▶ **BRIEF**:
Output exactly the lines that come between the start of the material and the line containing "Материнская плата Asus", both ends included, with the pictures omitted.

▶ **TASK INPUTS**:
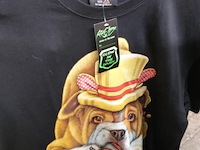 Rock chang - shirts met print - ca. 70 stuks - afbeelding 8 van  9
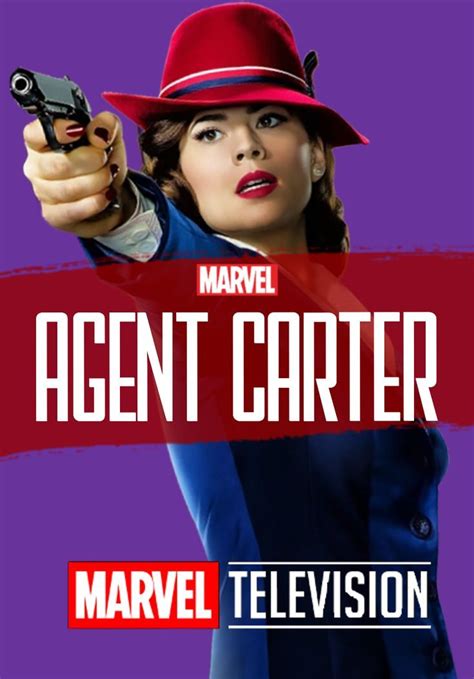 Marvel's Agent Carter (Paint Streak Poster) in 2022 | Marvel television ...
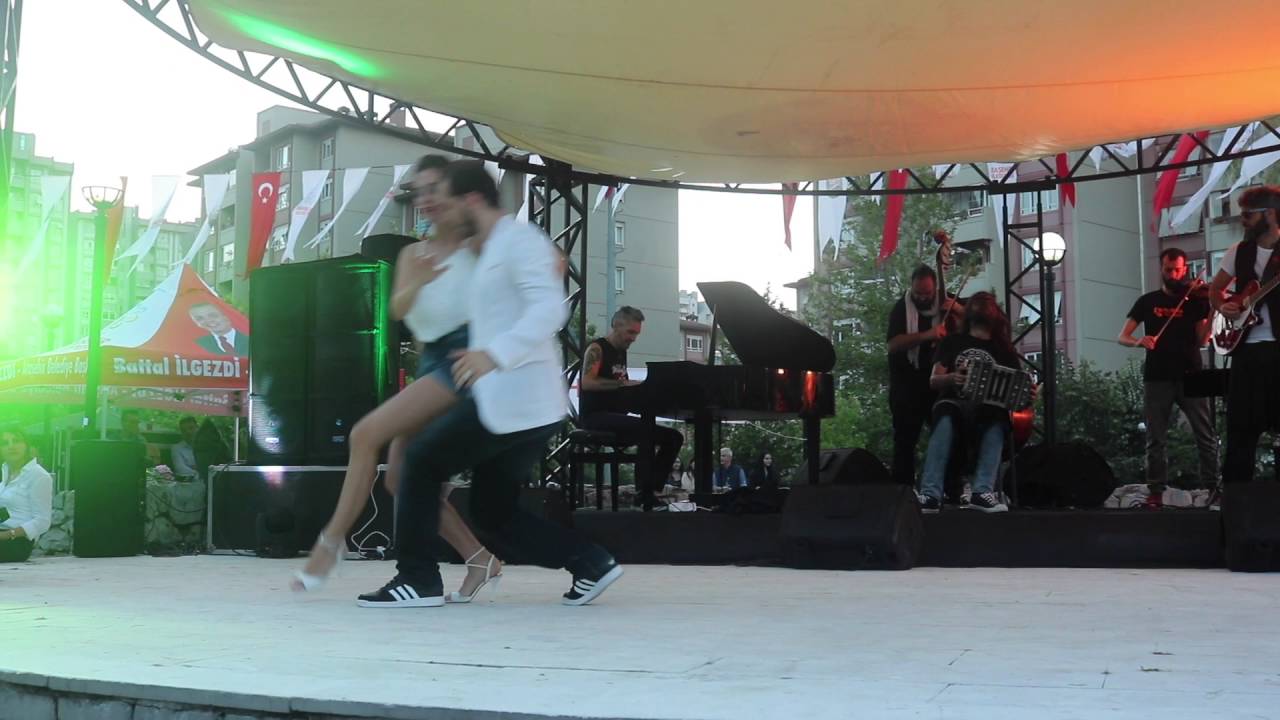 ILGIN TETİKCAN & DOĞAÇ ÖZEN - MONTAN - EL CACHIVACHE - TANGOLİC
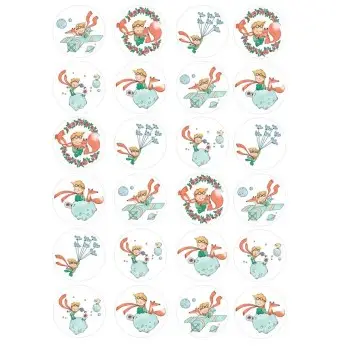Mini cialde Piccolo Principe new - 24 PZ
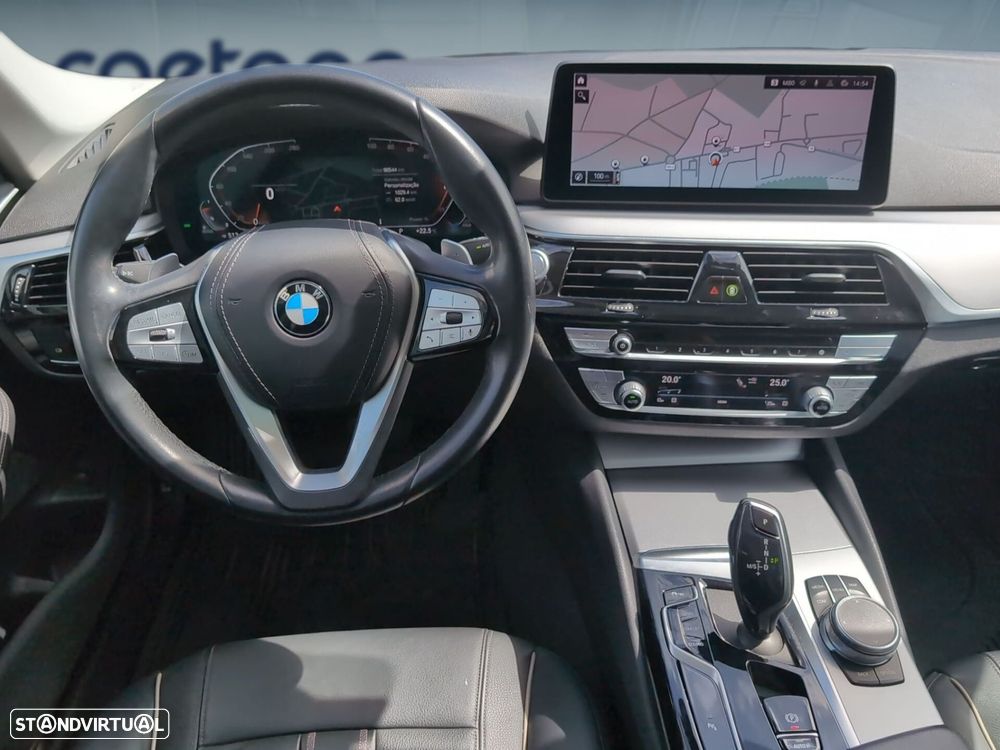 BMW 520 d Line Luxury Auto - 12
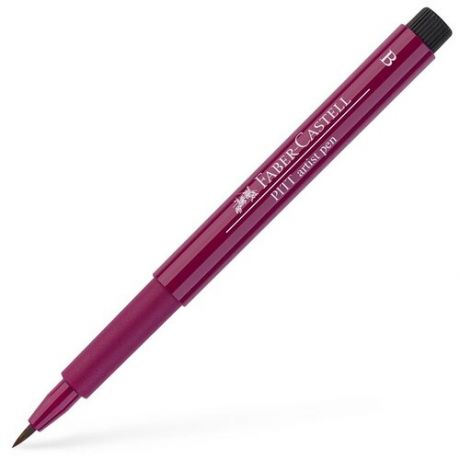 Капиллярная ручка Faber Castell Капиллярная ручка PITT ARTIST PEN BRUSH, цвет пурпурный (magenta)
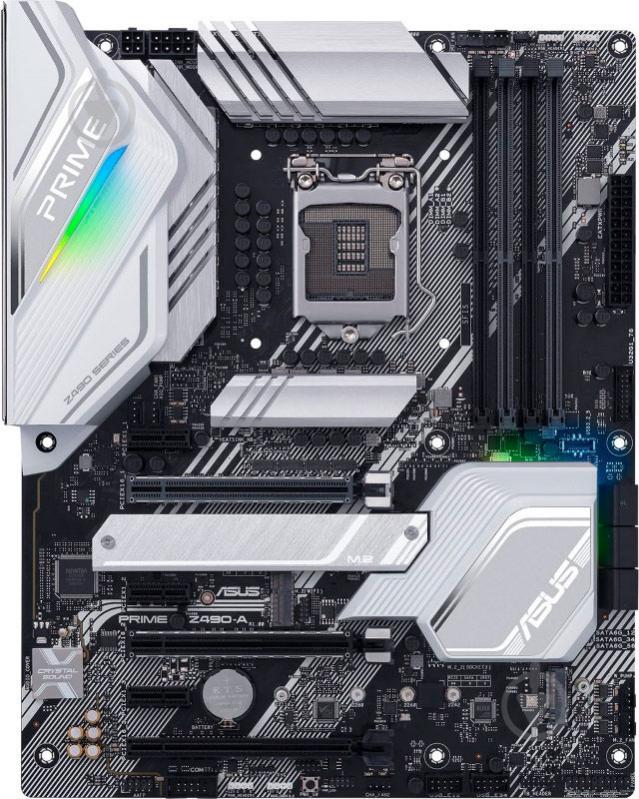Материнская плата Asus PRIME Z490-A (Socket 1200, Intel Z490, ATX) - фото 2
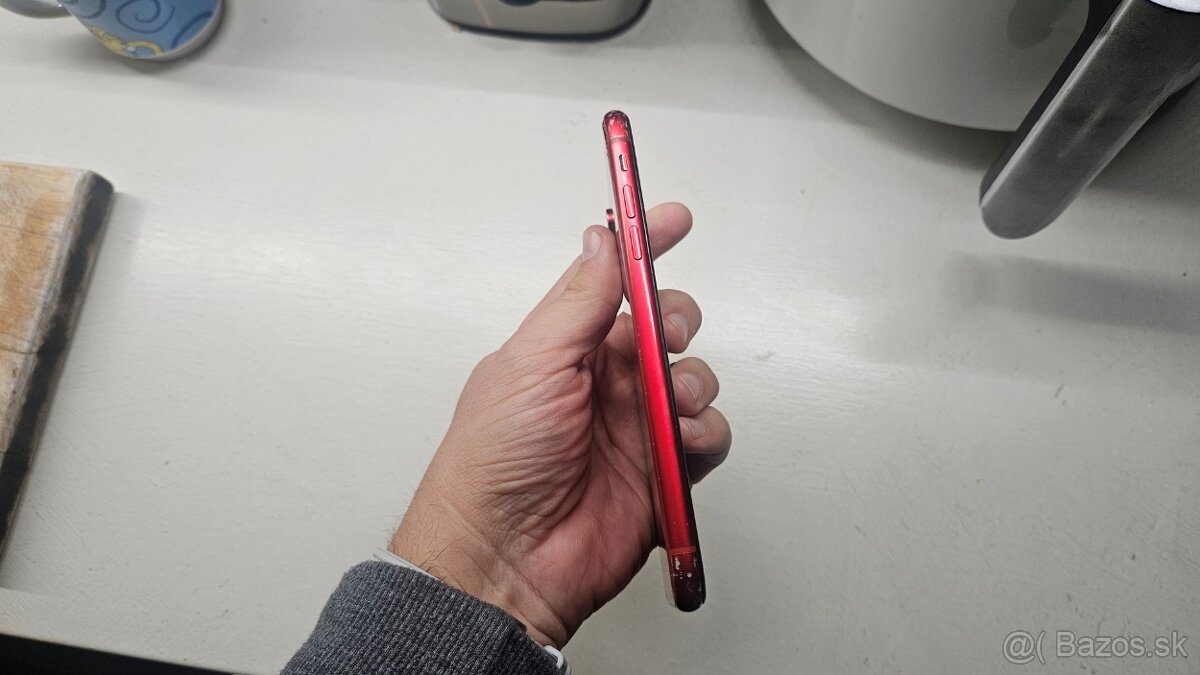 Apple iPhone XR 64B RED - horší stav - 4
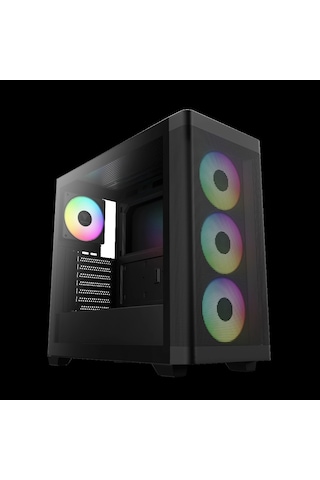 Gamdıas Athena M3, 750w, 80+ Bronze, Tempered Glass, Type-c, Mesh Ön Panel, Argb, Atx, Gamıng Kasa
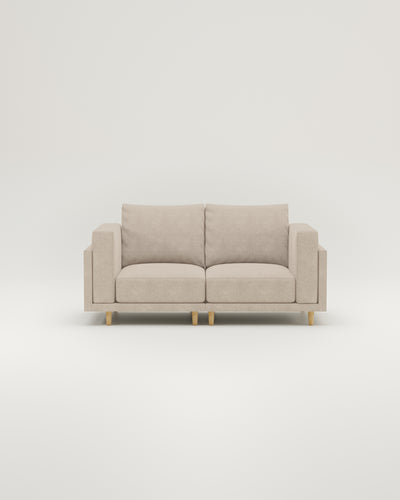 Modulares Sofa Donna 2-Sitzer mit Schlaffunktion
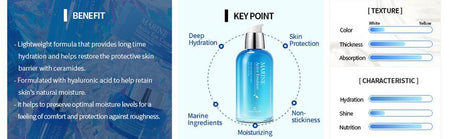 the SKIN HOUSE - Marine Active Emulsion, 130ml, 327 g, 8809080822715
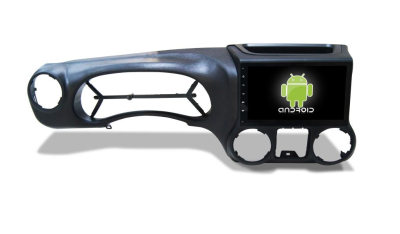 Головное устройство 10 дюймов JEEP Wrangler на Android 8.1 CARMEDIA KR-1067-T8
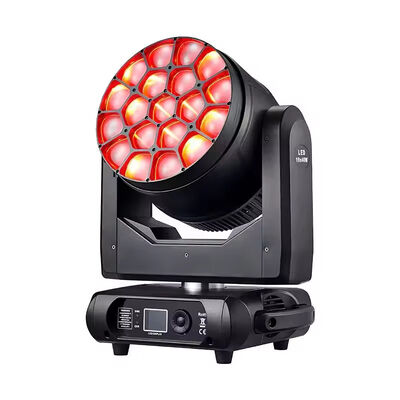 RGBW 4in1 DMX512 Wash LED19pcs 15W Moving Head Stage Light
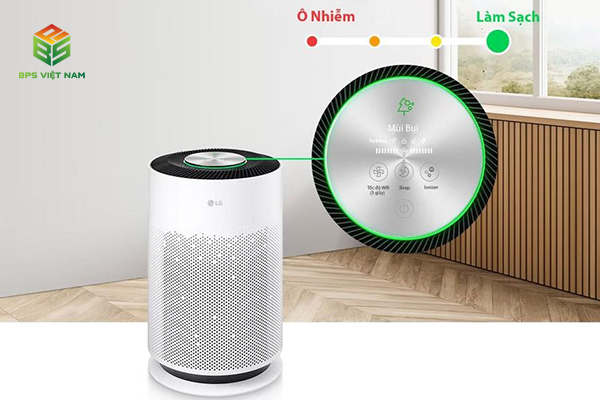 Máy lọc không khí LG Puricare 360 Hit AS60GHWG0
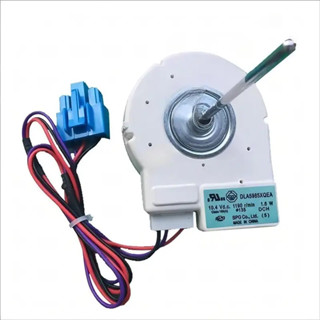 1 件無刷冰箱風扇電機相容美的 DLA5985XQEA 冷凍風扇電機 DC 10.4V 1.6W F 冰箱配件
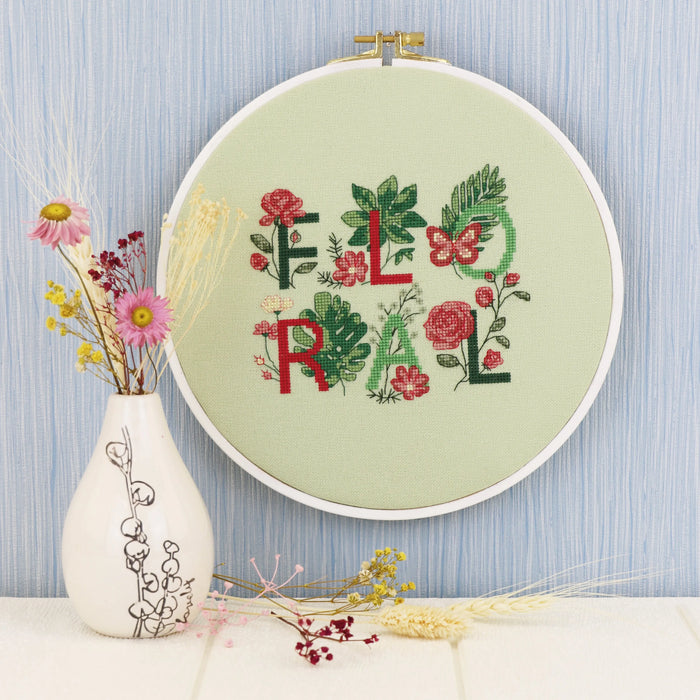 Floral Season - Free PDF Cross Stitch Pattern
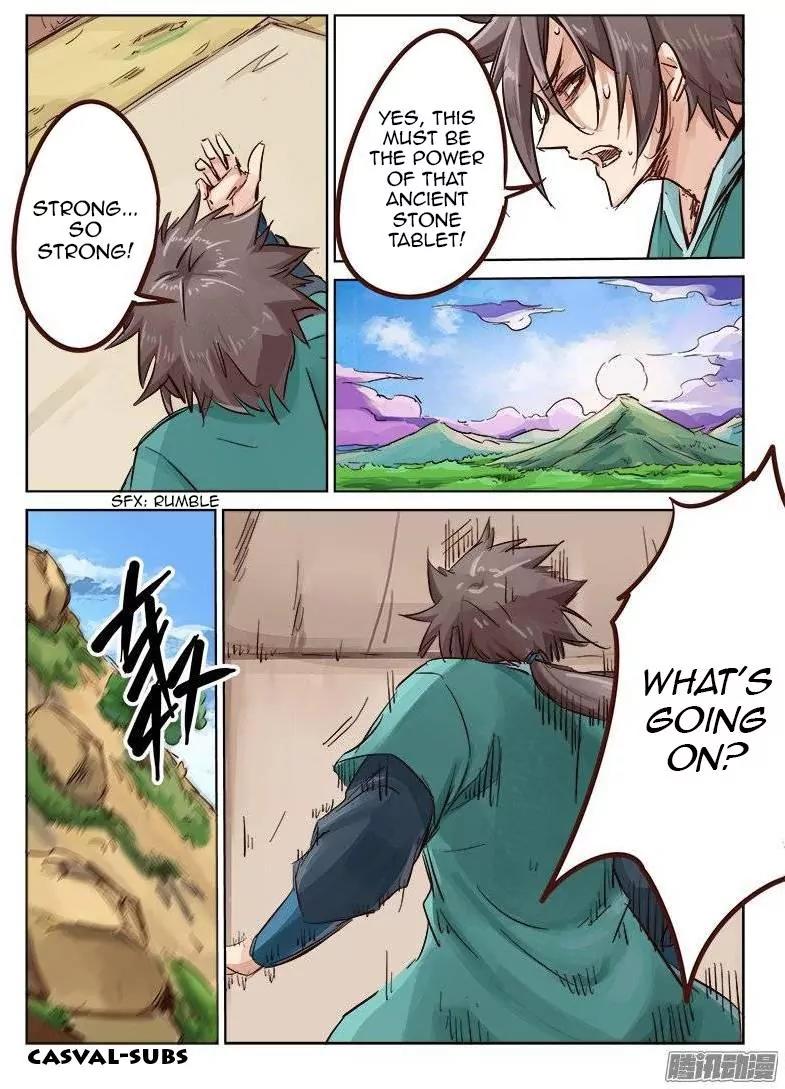 Star Martial God Technique Chapter 28 page 8 - Chapter 28: Landslide
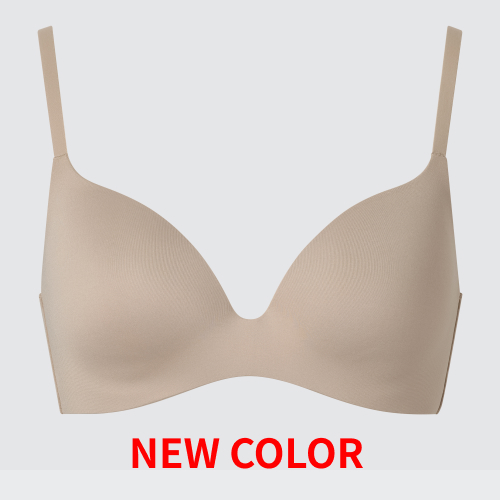 新色も登場／ カップ内部のシートが毎日変化する胸にもしっかり
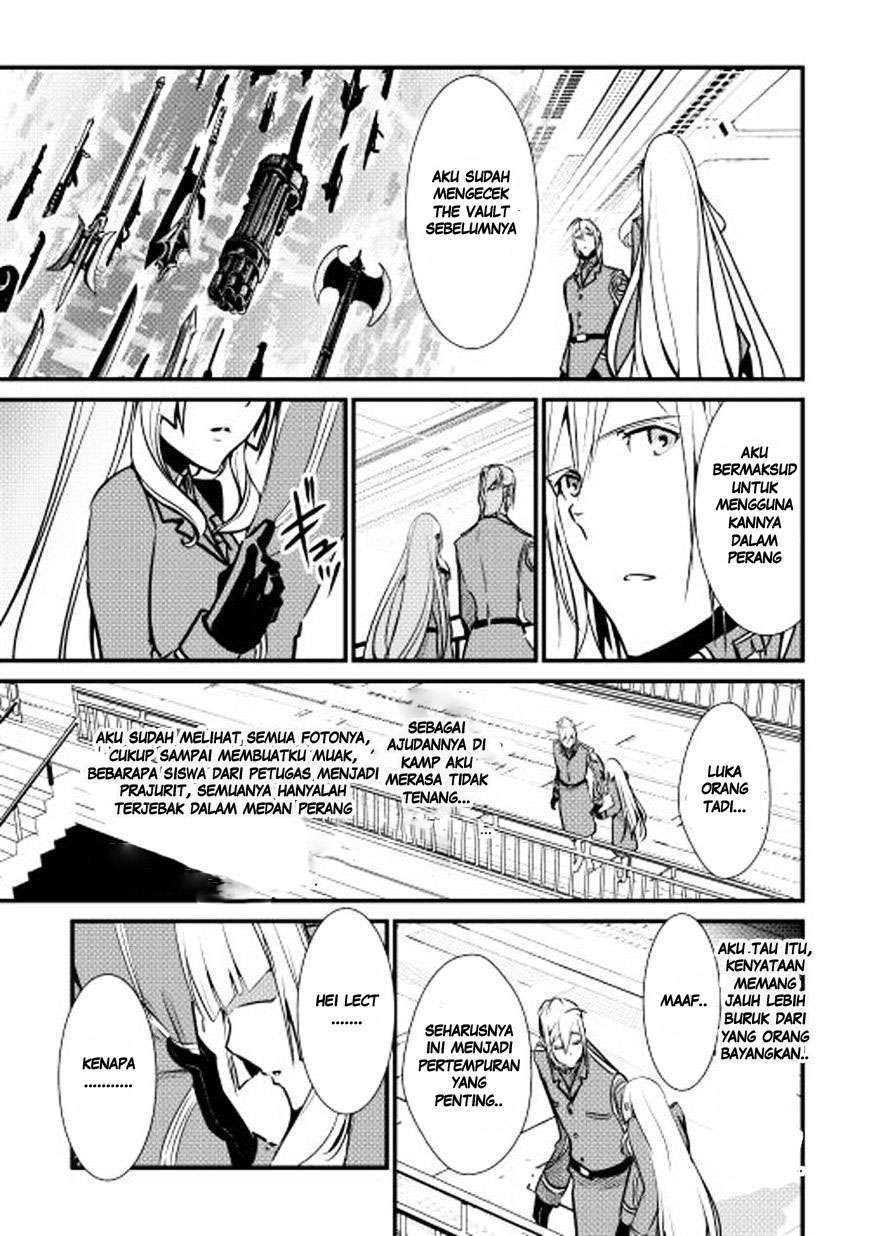 Shiro no Koukoku Monogatari Chapter 21 Gambar 8
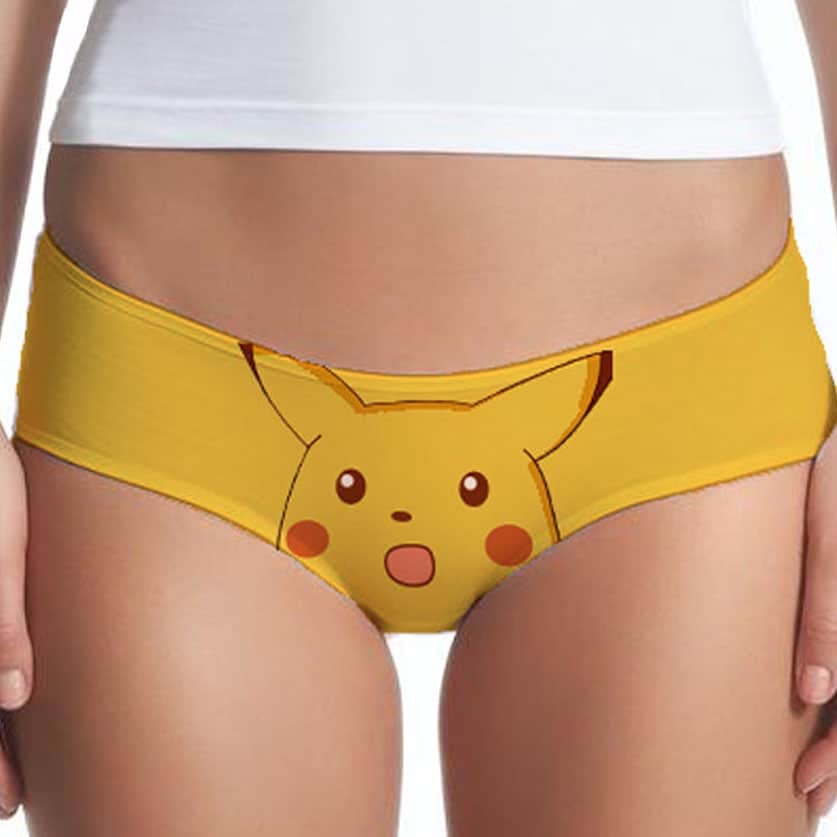 S Pokemon Underwear, Handmade Pikachu Panties, Diy High Waisted Panties, POKEMON  Panties , Pokemon Lingerie, Handmade Pikachu Underwear -  Canada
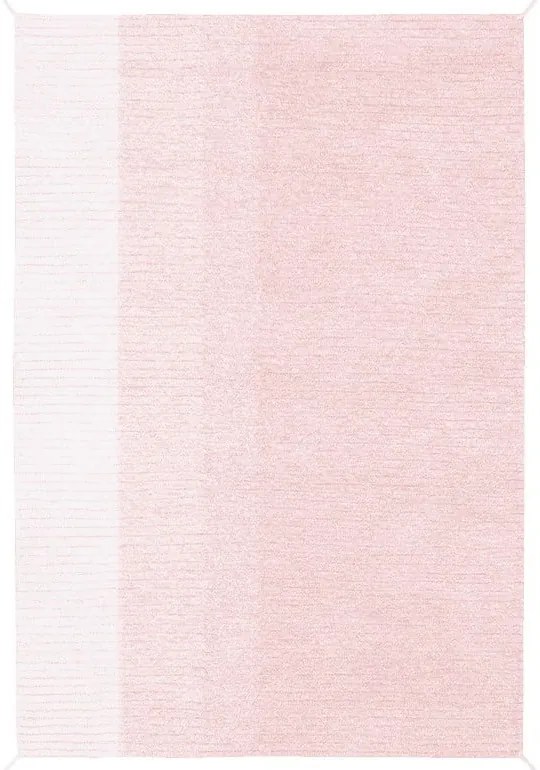 Covor roz deschis din bumbac 120x160 cm Gelato Pink – Lorena Canals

▶ **TASK RESULT**:
 Rock chang - shirts met print - ca. 70 stuks - afbeelding 8 van  9
 Marvel's Agent Carter (Paint Streak Poster) in 2022 | Marvel television ...
 ILGIN TETİKCAN & DOĞAÇ ÖZEN - MONTAN - EL CACHIVACHE - TANGOLİC
Mini cialde Piccolo Principe new - 24 PZ
 BMW 520 d Line Luxury Auto - 12
 Капиллярная ручка Faber Castell Капиллярная ручка PITT ARTIST PEN BRUSH, цвет пурпурный (magenta)
Материнская плата Asus PRIME Z490-A (Socket 1200, Intel Z490, ATX) - фото 2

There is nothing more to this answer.